In order to do that, we probably will need to get to a coverage of 1.2 times that would allow us to really quickly do the IDR simplification and to continue and preserve our coverage. So this is basically our goal to get over the next year and a half.

J
Justin Jenkins
Raymond James

Got it. Thanks everyone.

A
Assaf Ginzburg
Chief Financial Officer

Welcome.

Operator

[Operator Instructions] Our next question comes from the line of Ned Baramov of Wells Fargo.

N
Ned Baramov
Wells Fargo

Good morning. Thanks for taking the question. A follow-up on Paline if I may. So will the planned expansion be timed to match the in service of the expansion of Red River?

U
Uzi Yemin
Chairman and Chief Executive Officer

The time to do the Paline project is over the next two to three quarters, maybe four quarters. So it may match, we just need to evaluate the assets and generally we would like to come with numbers before we announce that project. We are doing the engineering as we speak and I wouldn't be surprised if it would be all to - if everything will come together at the same time.

N
Ned Baramov
Wells Fargo

Got you. And then question on the West Texas margins, it seems there was another strong quarter with $6.25 per barrel, versus what I think we have discussed in the past in terms of the normalized level in the range of $1.50 to $2.50, could you maybe talk about DKL’s ability to maintain these higher margins going forward?

U
Uzi Yemin
Chairman and Chief Executive Officer

Well $2.50 is, I don't thing ever was much in the card with the value the way they are, because just shipping from the goals, today on Magellan is $0.085 to $0.09. So this is without terminalling on anything like that. So if you take that just the floor is $3.50 or $4.

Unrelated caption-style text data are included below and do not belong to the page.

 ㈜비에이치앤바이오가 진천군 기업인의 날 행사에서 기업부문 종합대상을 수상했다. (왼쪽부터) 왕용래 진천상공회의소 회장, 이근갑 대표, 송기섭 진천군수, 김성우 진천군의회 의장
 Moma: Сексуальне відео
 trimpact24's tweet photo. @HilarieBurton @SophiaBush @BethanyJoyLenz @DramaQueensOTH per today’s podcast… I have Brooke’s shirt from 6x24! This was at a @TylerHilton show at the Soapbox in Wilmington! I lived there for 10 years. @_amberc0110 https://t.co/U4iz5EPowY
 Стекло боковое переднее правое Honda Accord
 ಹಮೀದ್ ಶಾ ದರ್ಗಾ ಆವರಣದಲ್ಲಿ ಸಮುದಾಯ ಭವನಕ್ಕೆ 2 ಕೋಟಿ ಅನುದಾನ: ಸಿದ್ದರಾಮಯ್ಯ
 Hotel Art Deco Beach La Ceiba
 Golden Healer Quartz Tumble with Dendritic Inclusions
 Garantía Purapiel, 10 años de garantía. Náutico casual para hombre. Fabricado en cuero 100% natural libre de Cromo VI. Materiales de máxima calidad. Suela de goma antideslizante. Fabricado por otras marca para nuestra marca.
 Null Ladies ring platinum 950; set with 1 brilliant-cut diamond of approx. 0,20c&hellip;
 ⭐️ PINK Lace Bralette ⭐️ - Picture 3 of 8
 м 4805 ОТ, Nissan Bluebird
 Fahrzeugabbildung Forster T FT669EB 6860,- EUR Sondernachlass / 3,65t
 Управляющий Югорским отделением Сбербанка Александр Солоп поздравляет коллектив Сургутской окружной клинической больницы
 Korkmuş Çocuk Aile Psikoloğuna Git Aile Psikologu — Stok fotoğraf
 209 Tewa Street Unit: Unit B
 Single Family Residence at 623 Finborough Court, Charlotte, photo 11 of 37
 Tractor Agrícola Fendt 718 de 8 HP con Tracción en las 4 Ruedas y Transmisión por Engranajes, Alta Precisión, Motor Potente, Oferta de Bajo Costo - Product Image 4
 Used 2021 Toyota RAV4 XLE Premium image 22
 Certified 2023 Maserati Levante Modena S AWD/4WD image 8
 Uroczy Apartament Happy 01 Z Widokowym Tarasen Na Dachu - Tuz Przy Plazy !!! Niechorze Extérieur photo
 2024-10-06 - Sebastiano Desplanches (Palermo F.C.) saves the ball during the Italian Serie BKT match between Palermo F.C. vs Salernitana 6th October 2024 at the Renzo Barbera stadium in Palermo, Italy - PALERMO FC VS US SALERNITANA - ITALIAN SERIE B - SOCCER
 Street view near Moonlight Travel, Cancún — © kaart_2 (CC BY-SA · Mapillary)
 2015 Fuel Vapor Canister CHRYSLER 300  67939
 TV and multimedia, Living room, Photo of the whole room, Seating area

Now, obviously the market is very strong, we see a tremendous amount of drilling. So, I think Blake mentioned that in July we saw $7.80. So for the rest of the year, we - unless something - drilling will fall off the cliff. We should continue to see good margins.

N
Ned Baramov
Wells Fargo

That is helpful. Thanks that is all I had.

U
Uzi Yemin
Chairman and Chief Executive Officer

Thanks Ned.

Operator

[Operator Instructions] There are no further question at this time. Presenters, you may proceed.

U
Uzi Yemin
Chairman and Chief Executive Officer

Thanks, Jay. Well, I would like to thank everybody around the table. Specifically, I would like to welcome again, Blake, great addition to the team. I would like to thank my colleagues around the table and to the Management team for the hard work they are putting together. I would like to thank the Board of Directors for the trust they put in us. Obviously, you investors for all these years, and mainly I would like to thank each one of the employees of this great Company who make this Company what it is. Have a great day, we will talk to you in the future.

Operator

Thank you again for joining us today. This concludes today's conference call. You may now disconnect. Have a great day.